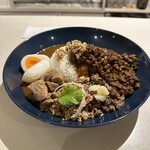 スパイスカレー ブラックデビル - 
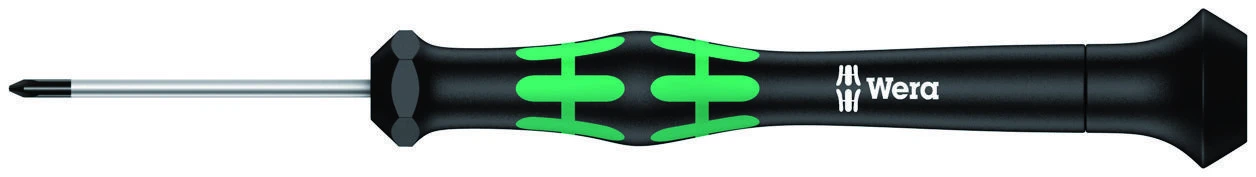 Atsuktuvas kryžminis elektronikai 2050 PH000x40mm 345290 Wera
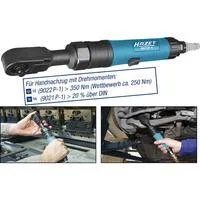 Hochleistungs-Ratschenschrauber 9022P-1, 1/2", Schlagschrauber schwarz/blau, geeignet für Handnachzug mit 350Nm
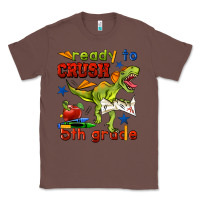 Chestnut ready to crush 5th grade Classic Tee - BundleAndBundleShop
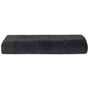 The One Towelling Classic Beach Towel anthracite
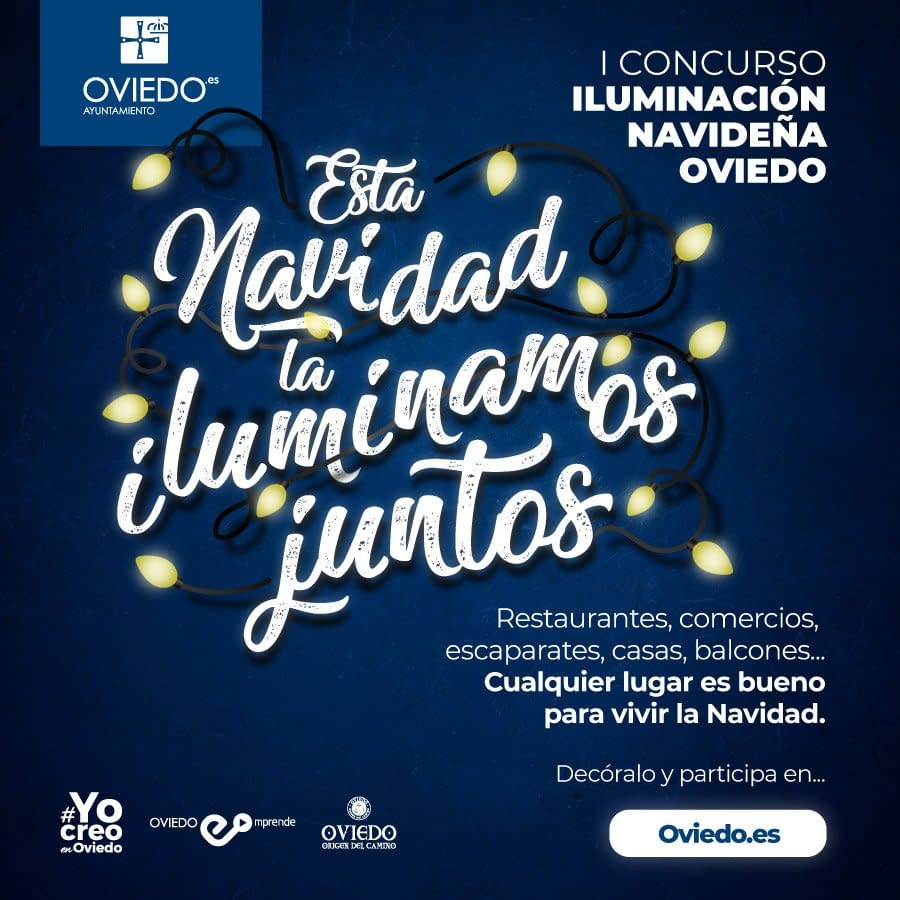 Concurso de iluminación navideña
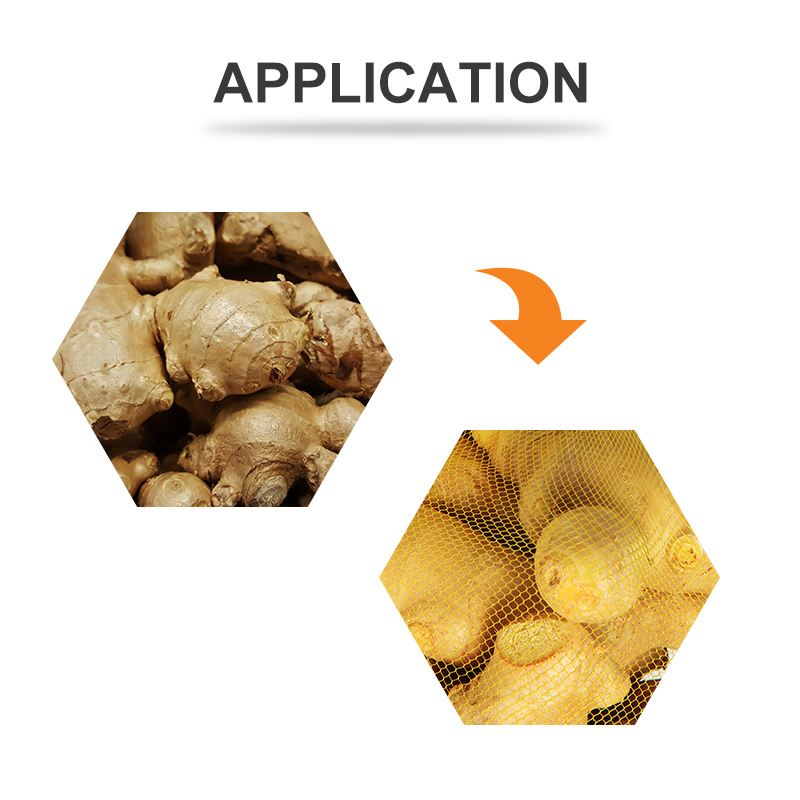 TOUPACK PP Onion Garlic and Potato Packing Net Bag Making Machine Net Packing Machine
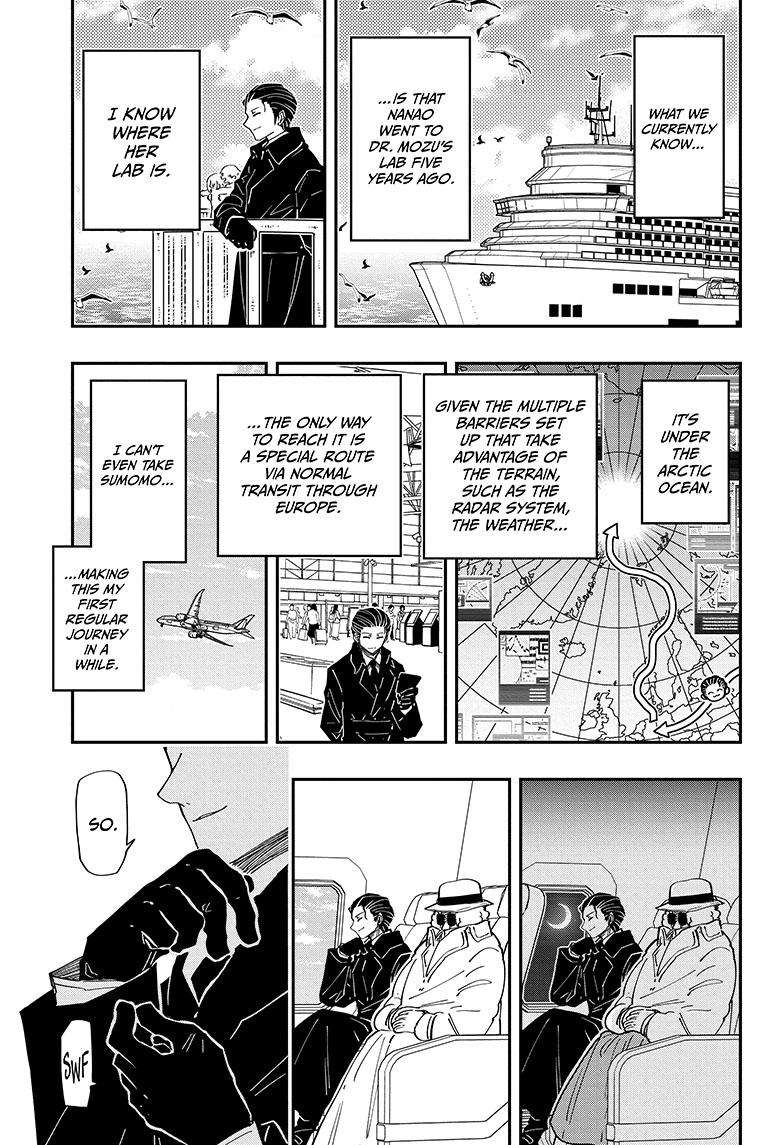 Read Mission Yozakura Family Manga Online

---

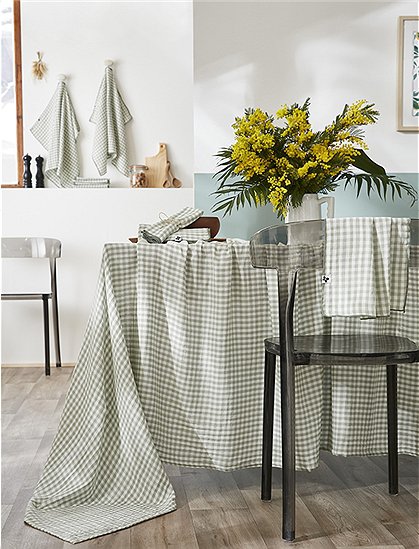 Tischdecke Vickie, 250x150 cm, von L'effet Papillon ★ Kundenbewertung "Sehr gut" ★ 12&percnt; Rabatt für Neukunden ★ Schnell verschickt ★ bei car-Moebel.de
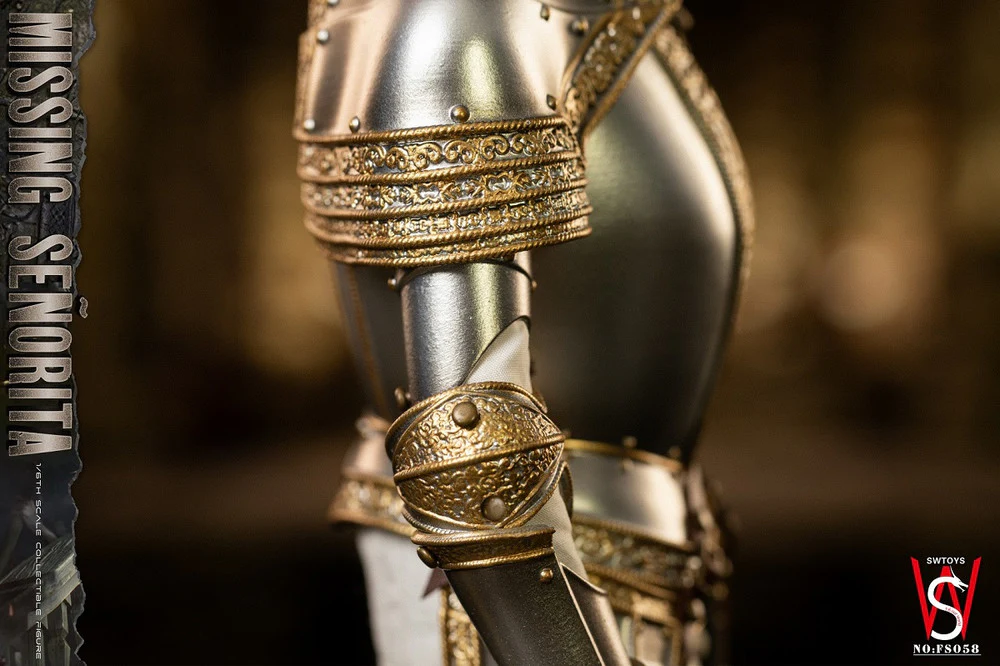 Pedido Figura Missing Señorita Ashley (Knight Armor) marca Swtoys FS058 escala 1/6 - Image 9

* * *

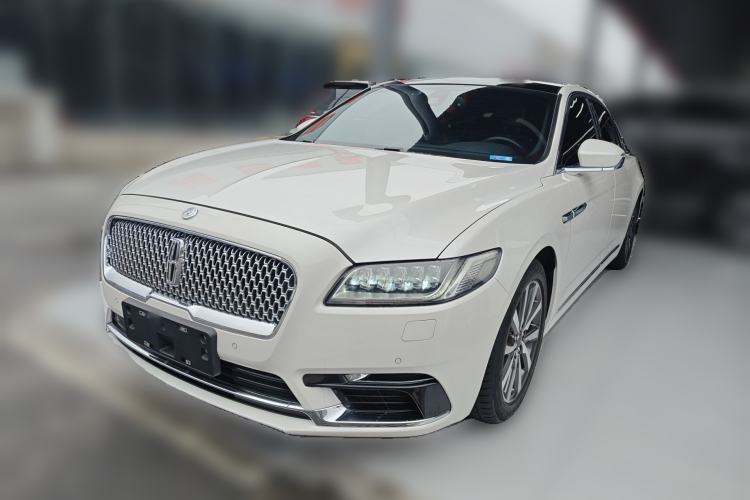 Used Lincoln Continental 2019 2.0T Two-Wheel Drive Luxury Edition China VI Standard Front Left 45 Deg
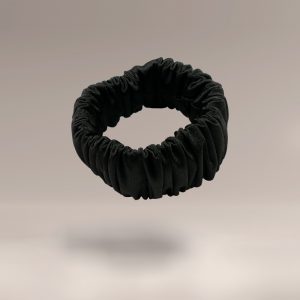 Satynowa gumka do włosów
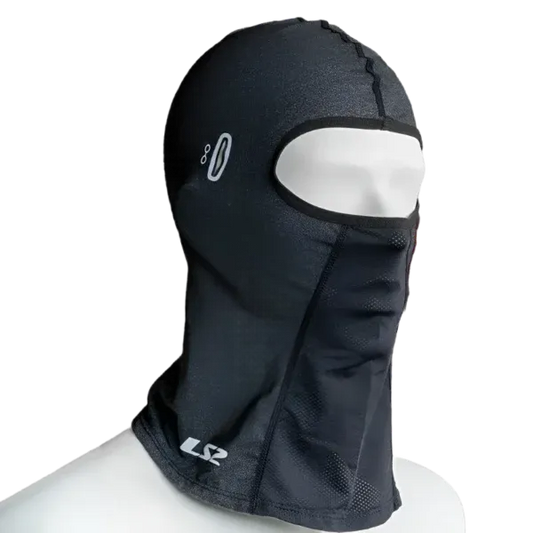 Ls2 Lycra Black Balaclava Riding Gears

What is expected: Within the material above, find the part that opens with the line containing "The One Towelling" and closes with the line containing "Read Mission Yozakura Family Manga Online", and reproduce it exactly without the pictures.

Written answer:
 The One Towelling Classic Beach Towel anthracite
 Concurso de iluminación navideña
 TOUPACK PP Onion Garlic and Potato Packing Net Bag Making Machine Net Packing Machine
 Read Mission Yozakura Family Manga Online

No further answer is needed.